Even though we are not within the boundaries of the Greenbelt, we've been trying to do our part to maintain the natural landscape. As I walked through the gardens this morning, admiring the beauty of our first snowfall, I had bittersweet feelings.



We know that on our own property we have done things wrong in the past. Things like paving our driveway. We should have either left the driveway gravel or installed a surface that would allow rain to slowly seep into the soil below.



For the past few years, we've embraced the notion of leaving our garden plants in place over the winter. They are home to many beneficial insects. Why ruin the home of something that helps to feed me?

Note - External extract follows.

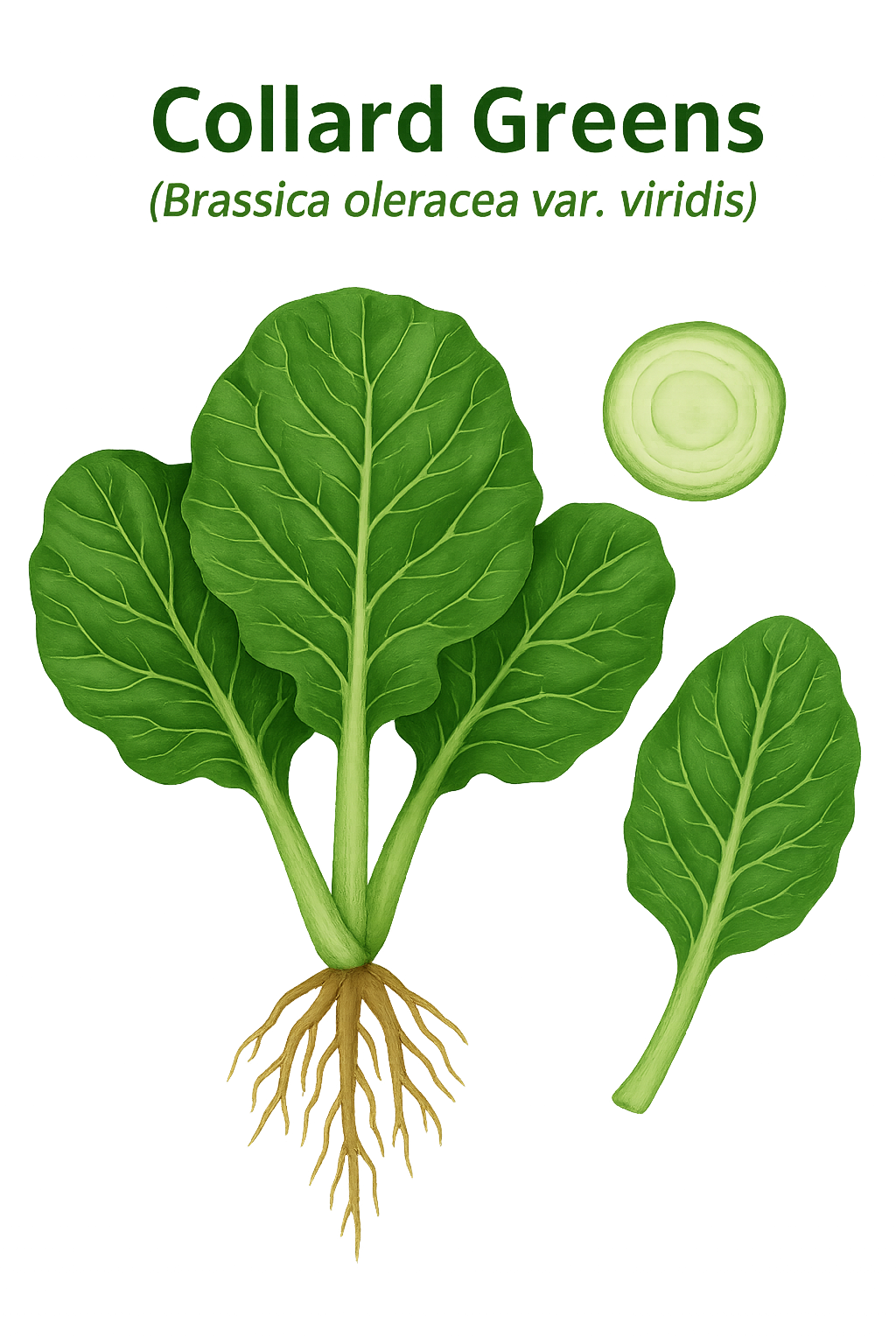 Collard Greens botanical illustration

Bonus: there is beauty in decay.



Our small piece of land increasingly feeds more people. We've tried to strike a balance between encouraging native species around the edges, gardening in the middle where there is sun and perennial and fruit gardens in between the two.

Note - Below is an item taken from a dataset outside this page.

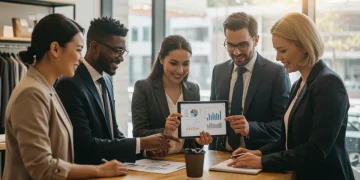 Retailers reviewing 2025 tax credit financial projections on a tablet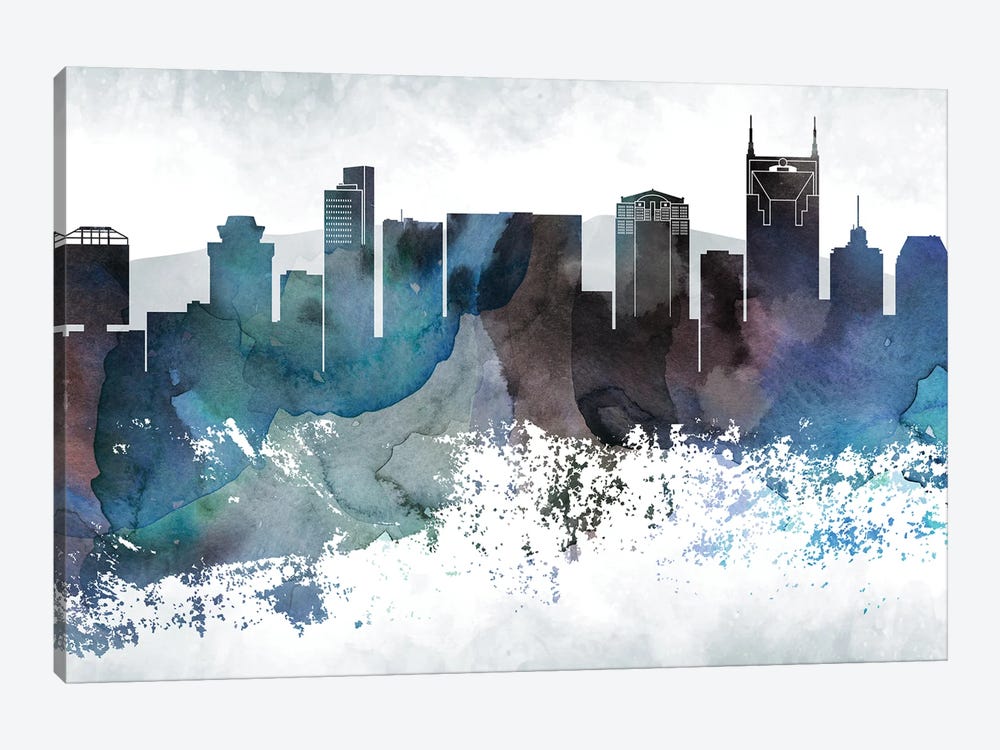 Nashville Bluish Skylines by WallDecorAddict 1-piece Canvas Print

Isn't it cool how some plants, like these dill, capture snowflakes? It looks like fluffy fireworks to me. Nature - allowing precipitation to take its time as it makes its way back into the soil.

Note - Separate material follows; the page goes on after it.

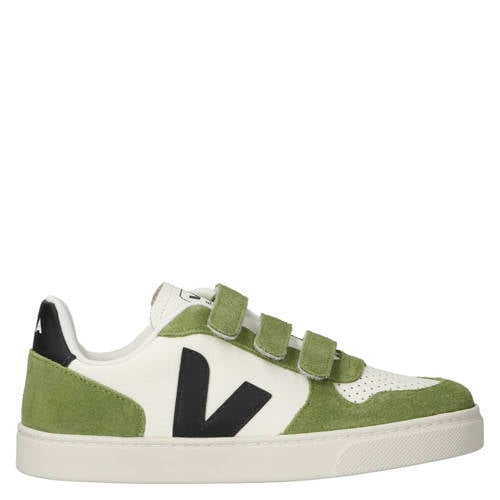 Veja Small V-10 leren sneakers wit/groen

There is still some colour here and there.




I felt like our future was in the balance this morning. Our government is planning on taking land out of the greenbelt to fast track housing. Anyone I know who is in need of housing would never be able to afford to live in the greenbelt. You would need to have a vehicle to drive to get your groceries, to go to doctor appointments and to go to work if you were to live there. Folks I know, don't have those resources. They need a home close to amenities, not out in a woods somewhere. I have a feeling that our government is under pressure from developers to build mega-homes on the land that should be left to re-generate water for all of us. Land that feeds all of us.


I cropped this image so you could see that one perfect snowflake balancing on the edge of the goldenrod's snowy blanket. Do you see it?



I hope the tadpoles and frogs are tucked into the mush at the bottom of our ponds. We've got ice.



On Friday, we hope to be at the Rally for Greenbelt.


Details:

November 18 from 11 am to 1 pm in front of MPP David Piccini’s Constituency Office, 117 Peter St., Port Hope


Maybe, together we can find a better path to housing our vulnerable neighbours.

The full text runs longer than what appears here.